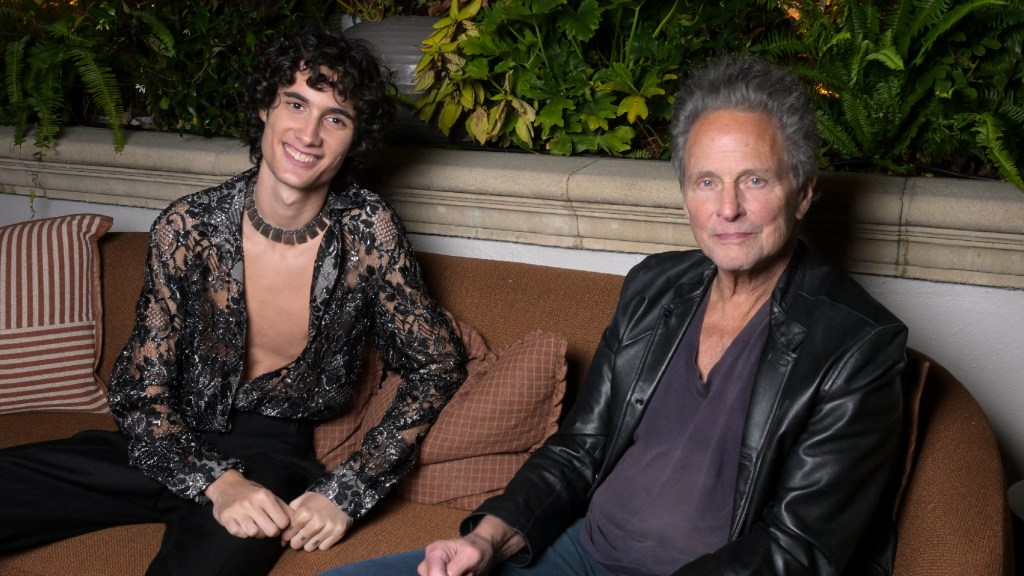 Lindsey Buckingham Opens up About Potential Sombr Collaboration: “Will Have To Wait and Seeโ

* * *

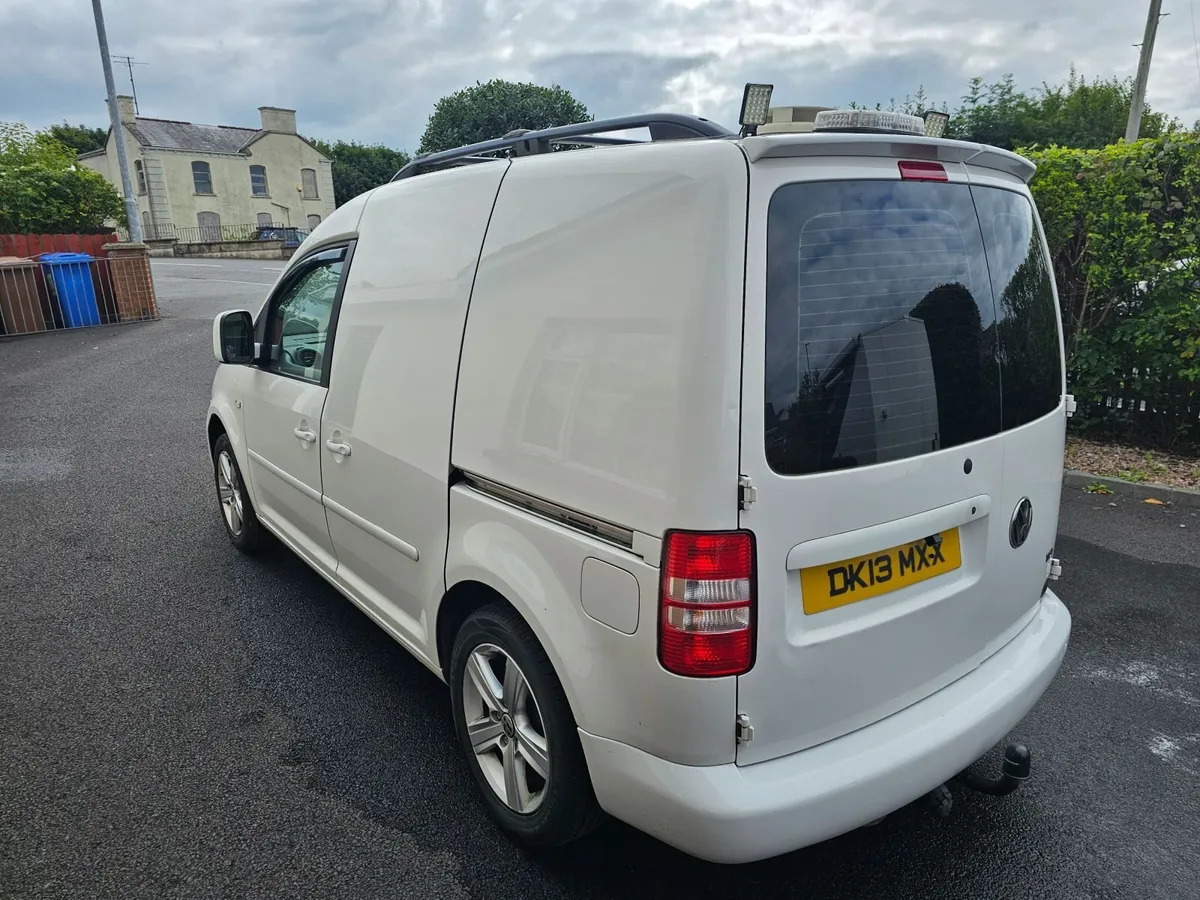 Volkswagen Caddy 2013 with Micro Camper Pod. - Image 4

--

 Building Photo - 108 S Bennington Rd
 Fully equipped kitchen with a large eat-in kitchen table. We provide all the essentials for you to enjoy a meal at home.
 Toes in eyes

**DIRECTIONS FOR THIS TASK**:
For the lines above, output exactly those from the line containing "Fully equipped kitchen" through the line containing "Toes in eyes", and skip the others.

**SOLVED EXERCISE**:
 Fully equipped kitchen with a large eat-in kitchen table. We provide all the essentials for you to enjoy a meal at home.
 Toes in eyes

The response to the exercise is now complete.